Anatomy of the scam

You list an item; a buyer offers to send a pre-paid shipping label "to save you the trip to the post office" or "because their company has a bulk rate." The label was purchased with stolen credit-card credentials. When the cardholder disputes the charge, the carrier voids the label, often mid-route.

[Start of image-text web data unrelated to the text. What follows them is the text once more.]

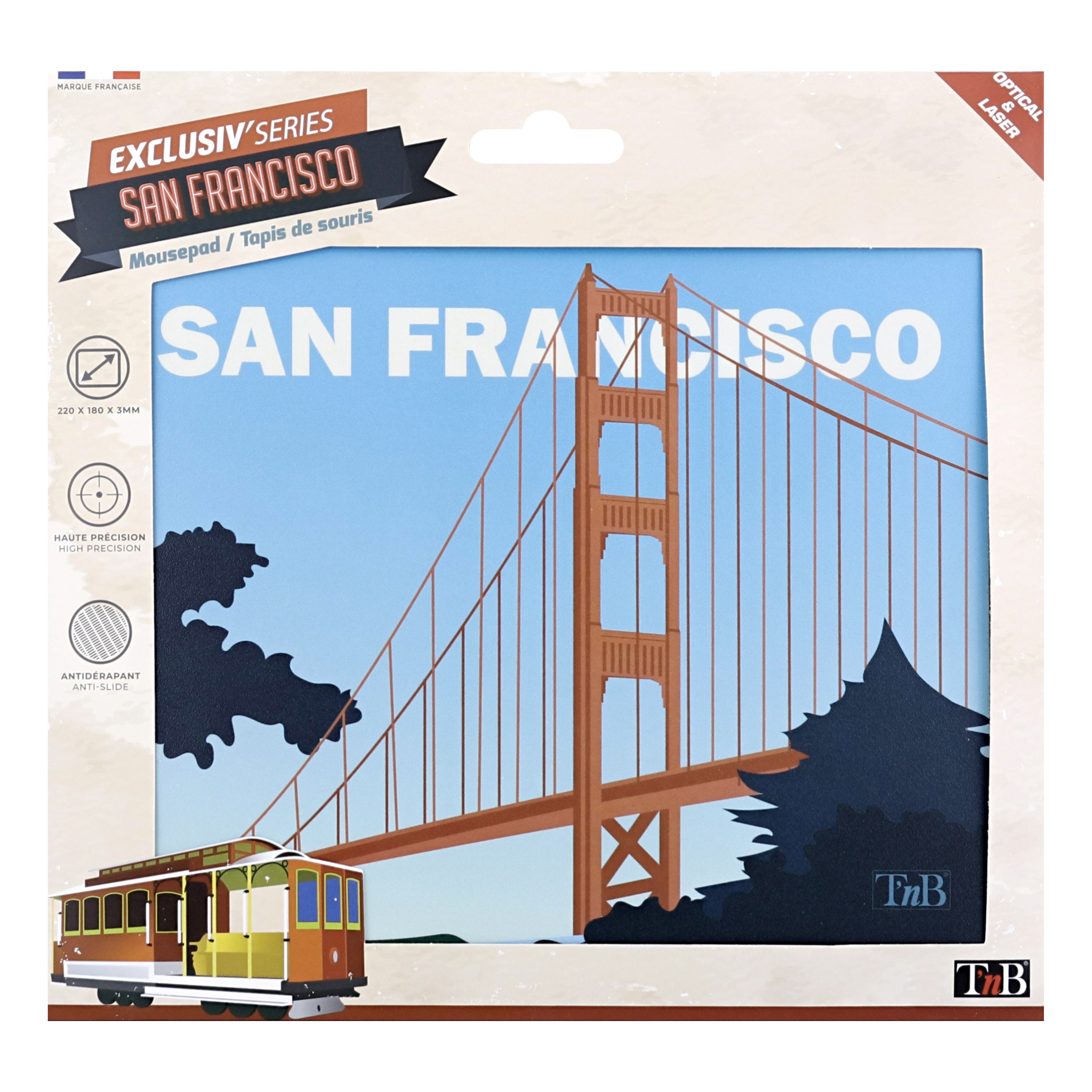 SAN FRANCISCO EXCLUSIV mouse pad3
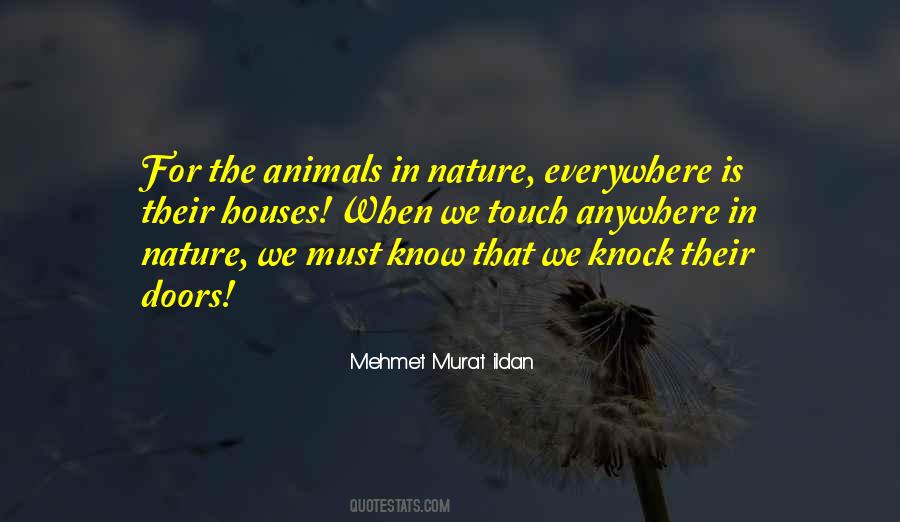Quotes About Animals In Nature #1606658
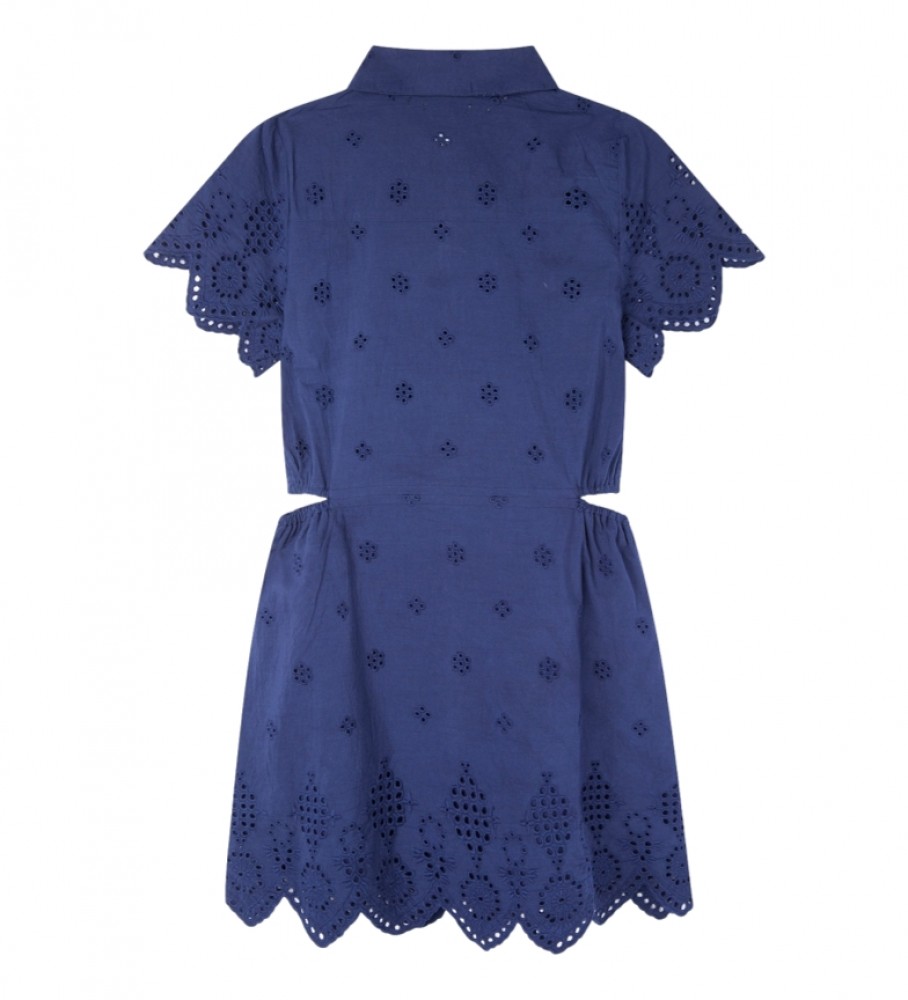 Vestido azul marinho Abie da Pepe Jeans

If the carrier voids before delivery, your package is "abandoned" — sometimes destroyed, sometimes auctioned, but always gone. If they void after delivery, the recipient receives the item; you receive a debit notice for the label cost from the carrier; and meanwhile the original "payment" you received from the buyer is also a fraud chargeback waiting to happen.

Red flags

  • Buyer insists on providing the shipping label rather than letting you ship.
  • The label arrives by email from a free domain, not the carrier directly.
  • Buyer's address is a freight forwarder, a US-to-international reshipping address, or a vacant property.
  • Buyer wants you to ship the same day, before the carrier verifies the label.
  • The buyer paid you via a method with a long chargeback window (PayPal F&F, gift card, fake Zelle).
  • The label is for express service for a low-value item — a hallmark of card-test fraud.

How to verify safely

  1. Pay for and print your own shipping label through the marketplace's seller flow. Most platforms offer integrated shipping with seller protection.
  2. If the buyer insists on their label, refuse or hold the package until you've confirmed both the payment AND the label remain valid for 24-48 hours.
  3. Use marketplace-protected payment methods. eBay, Etsy, and Mercari include seller protection if you ship via their label.
  4. Check the destination address. Freight-forwarder addresses and addresses near US ports (Doral, FL; Houston, TX) are common reshipping points for stolen-goods exports.

If you already shipped

  • Contact the carrier (UPS, USPS, FedEx) and request intercept if the package is still in transit.
  • Contact the marketplace to report the buyer and request seller protection.
  • File a chargeback dispute through your payment processor for the original payment.
  • Save all evidence — listing screenshot, buyer messages, label email, carrier receipts.
  • Report to the FTC and IC3.

What not to do

  • Do not accept buyer-provided shipping labels for high-value items.
  • Do not ship to freight forwarders or reshipping addresses without extra verification.
  • Do not assume "the label tracks normally for now" means it'll stay valid.
  • Do not continue communicating with the buyer once the chargeback appears — engage the marketplace and carrier instead.

Where to report

  • FTC: reportfraud.ftc.gov — the broadest US fraud intake; reports flow to thousands of law-enforcement agencies.
  • FBI IC3: ic3.gov — the right destination when the scam is internet-enabled (phishing, BEC, romance, crypto).
  • CFPB: consumerfinance.gov/complaint — for complaints about banks, money transmitters, payment apps, credit cards, debt collection.
  • IdentityTheft.gov — if any identity information (SSN, driver's license, account credentials) was shared.
  • Your bank or payment platform. Call the number on the back of your card or use the app's in-product help. Time matters — wires can sometimes be recalled within hours; ACH and Zelle are harder but worth trying.